* _Record extracts_:
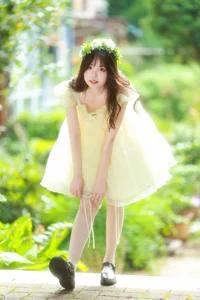 YiTuYu Art Language Vol.5219: Stunning Portrait Series with Mu Yan Se Cc - image 12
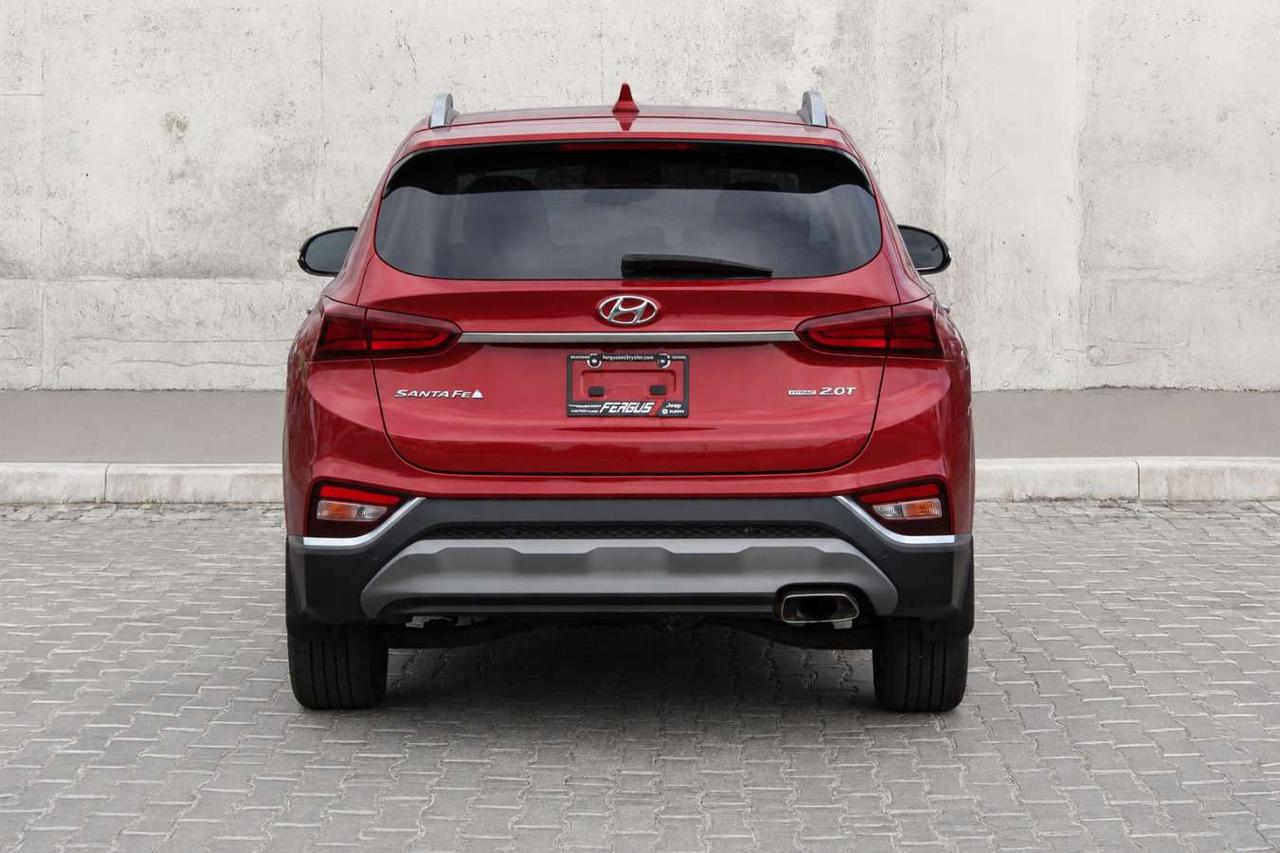 2019 Hyundai Santa Fe Plus  SiriusXM Moonroof ReverseCamera HtdSeats Dri Photo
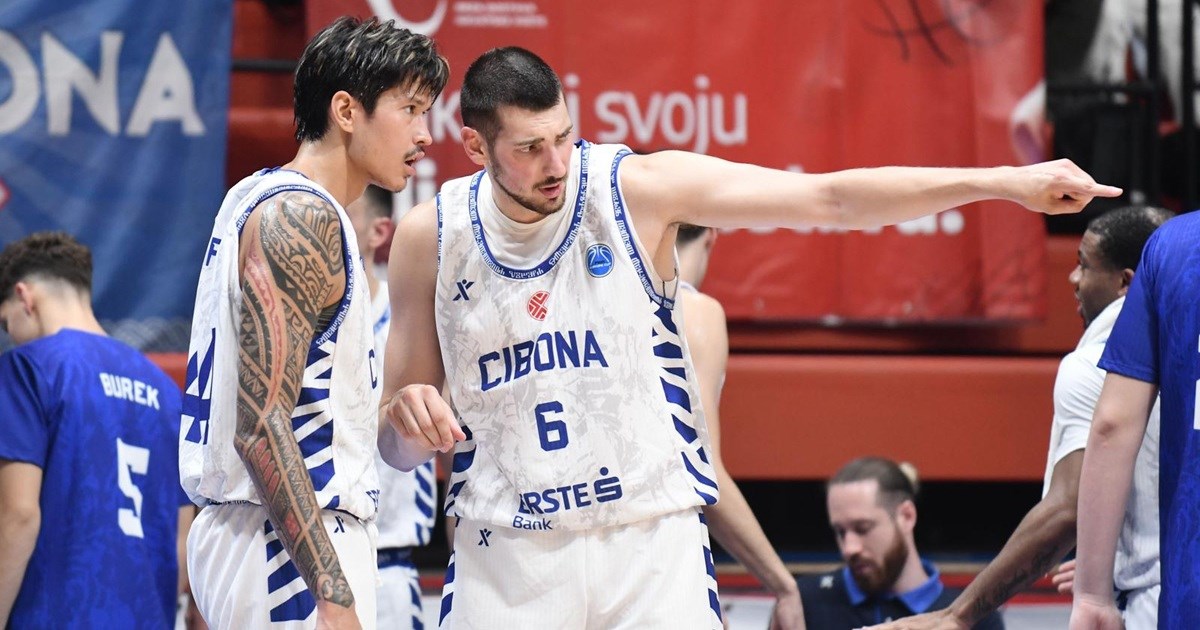 Cibona pobijedila u prvoj utakmici pretkola Eurokupa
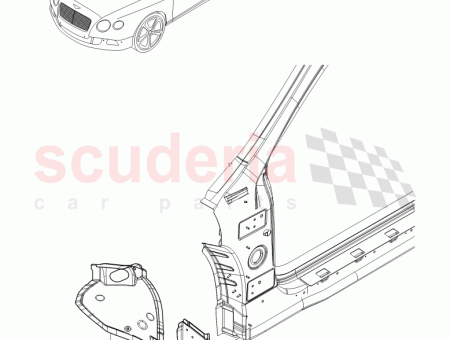 Photo of PLAQUE D EXTR MIT POUR PASSAGE DE ROUE…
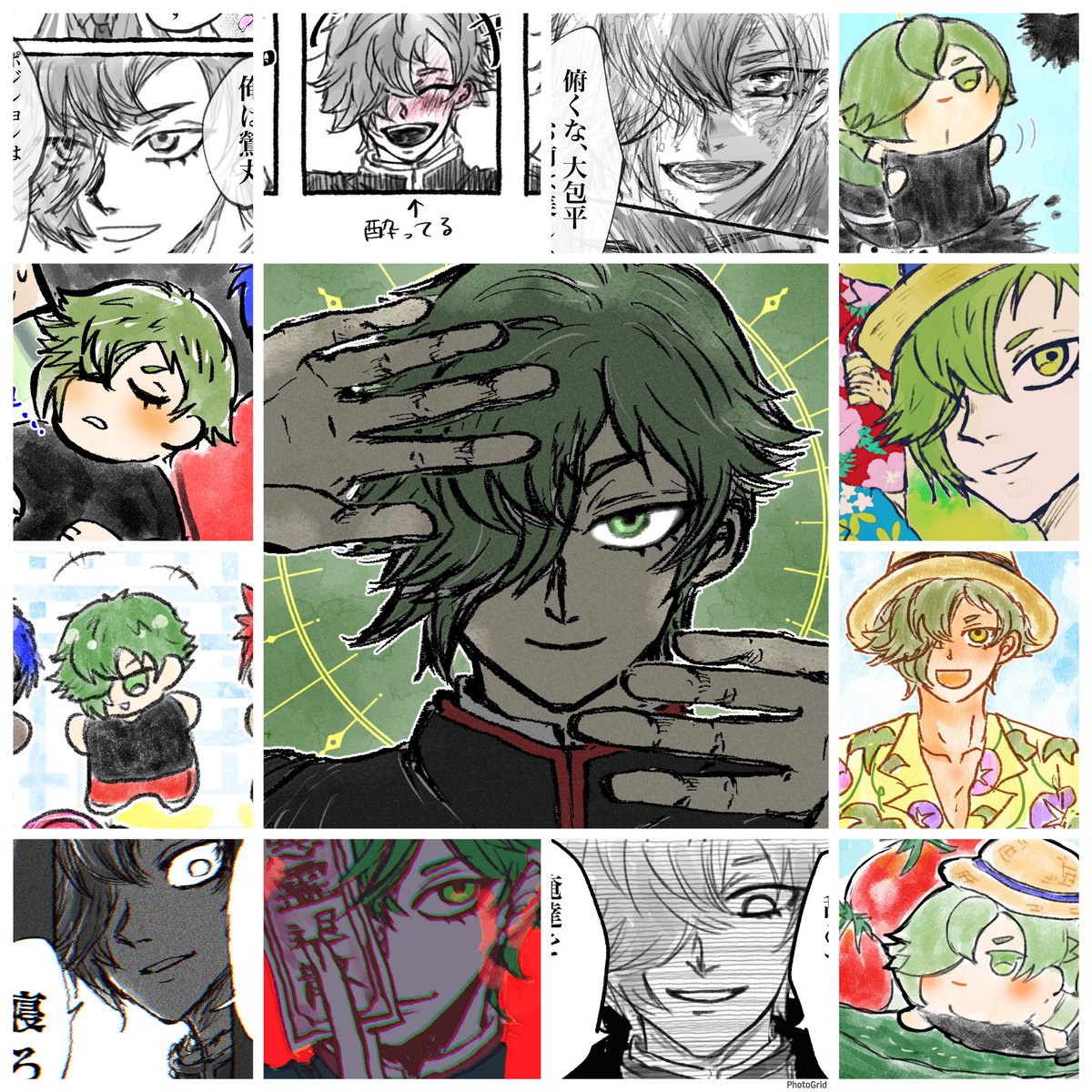 くろすけ (@d_k_72) / Posts / X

* _Problem to work on_:
Starting with the line that contains "Photo of PLAQUE", print every line through the end of the data exactly as written; omit all pictures and add nothing else.

* _Output for this exercise_:
 Photo of PLAQUE D EXTR MIT POUR PASSAGE DE ROUE…
 くろすけ (@d_k_72) / Posts / X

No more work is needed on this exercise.